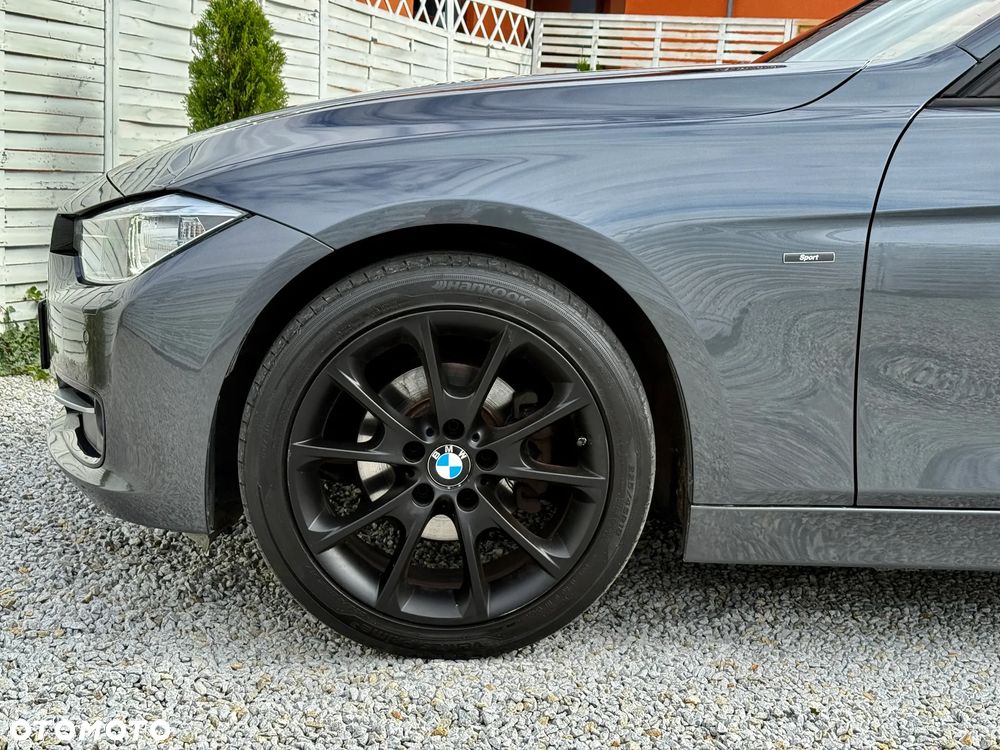 BMW Seria 3 - 22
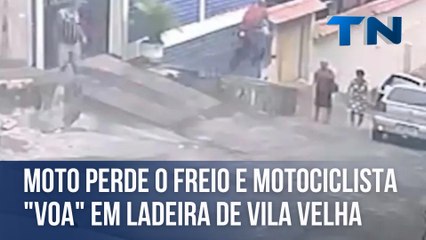 Moto perde o freio e motociclista "voa" em ladeira de Vila Velha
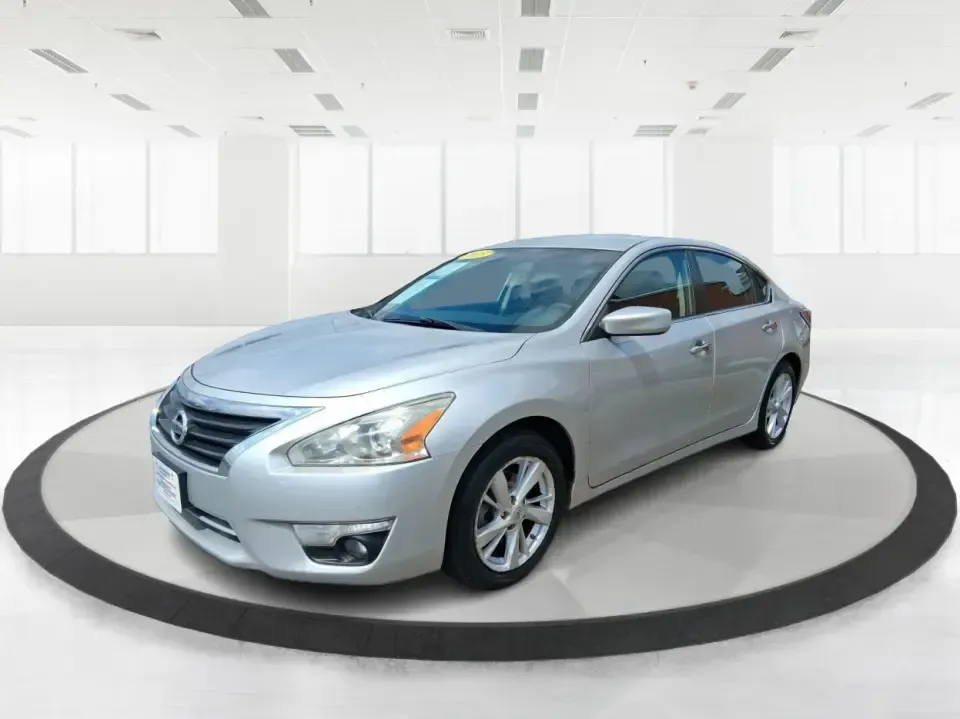 2015 Nissan Altima 2.5 SV (1N4AL3AP6FC) with an 2.5L I-4 DOHC engine, Continuously Variable Transmission transmission, located at 401 Woodman Dr, Riverside, OH, 45431, (937) 908-9800, 39.760899, -84.123421 - Picture your next week: an easy I-675 commute, a comfortable school drop-off run, and a spontaneous weekend drive to Carillon Historical Park or along the Mad River-without driving something oversized or expensive to fuel. This **2015 Nissan Altima 2.5 SV** is the kind of practical, confidence-build - Photo#8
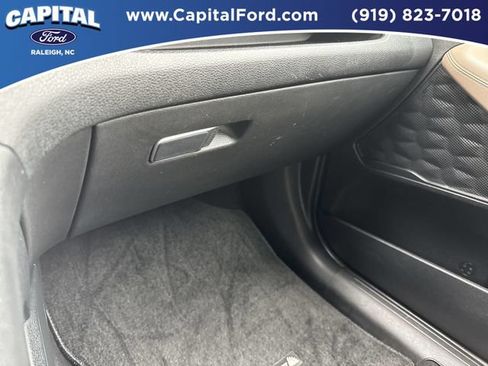 Used 2023 Hyundai Santa Fe SEL FWD image 27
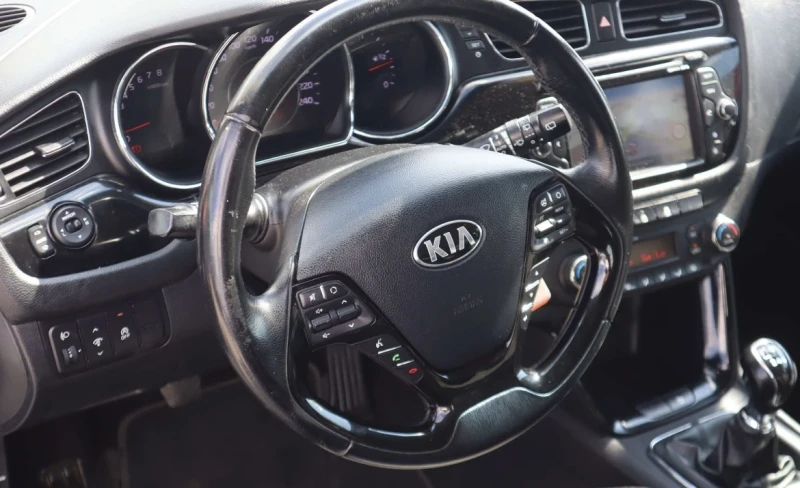 Kia Ceed 1.6, снимка 6 - Автомобили и джипове - 52955059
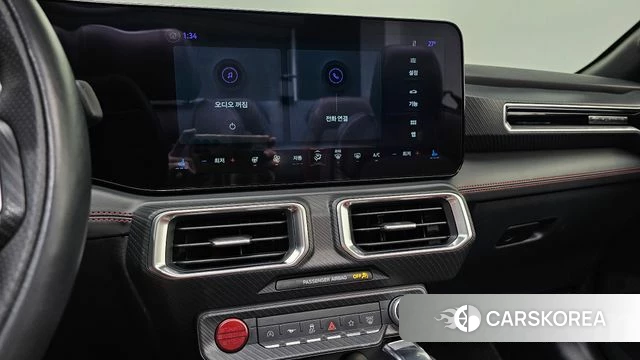 Ford Mustang 7th Generation 2024 Черный из Кореи, фото 4
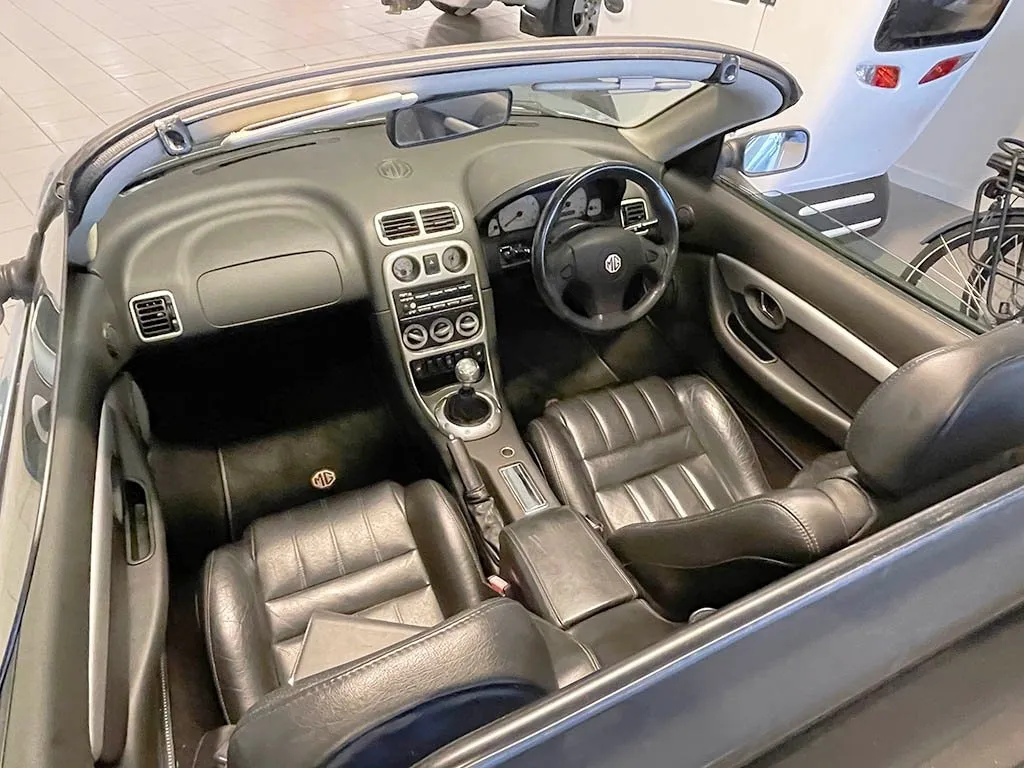 Vehicle image 6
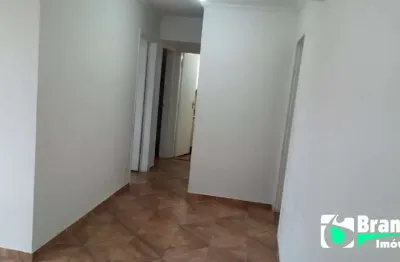Apartamento com 2 dormitórios, sala ampla, 1 vaga livre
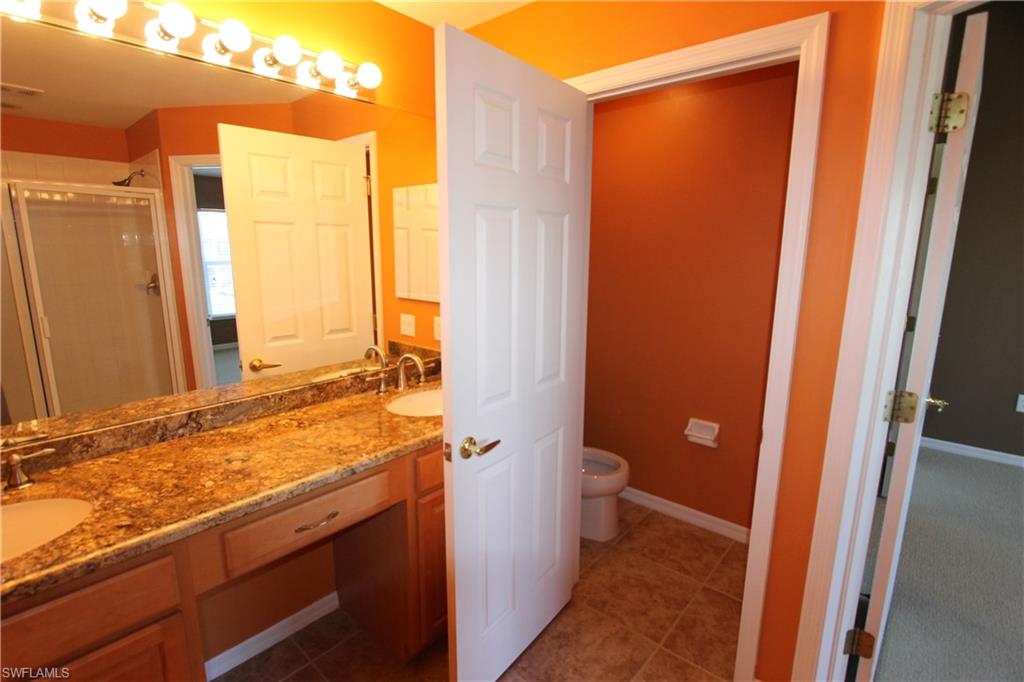1056 Hampton Cir Property Photo 17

####################

Transcribe exactly the span of lines from the line holding "2015 Nissan Altima 2.5 SV (1N4AL3AP6FC)" through the last line above, both included. Pictures stay out.

 2015 Nissan Altima 2.5 SV (1N4AL3AP6FC) with an 2.5L I-4 DOHC engine, Continuously Variable Transmission transmission, located at 401 Woodman Dr, Riverside, OH, 45431, (937) 908-9800, 39.760899, -84.123421 - Picture your next week: an easy I-675 commute, a comfortable school drop-off run, and a spontaneous weekend drive to Carillon Historical Park or along the Mad River-without driving something oversized or expensive to fuel. This **2015 Nissan Altima 2.5 SV** is the kind of practical, confidence-build - Photo#8
 Used 2023 Hyundai Santa Fe SEL FWD image 27
 Kia Ceed 1.6, снимка 6 - Автомобили и джипове - 52955059
 Ford Mustang 7th Generation 2024 Черный из Кореи, фото 4
 Vehicle image 6
Apartamento com 2 dormitórios, sala ampla, 1 vaga livre
1056 Hampton Cir Property Photo 17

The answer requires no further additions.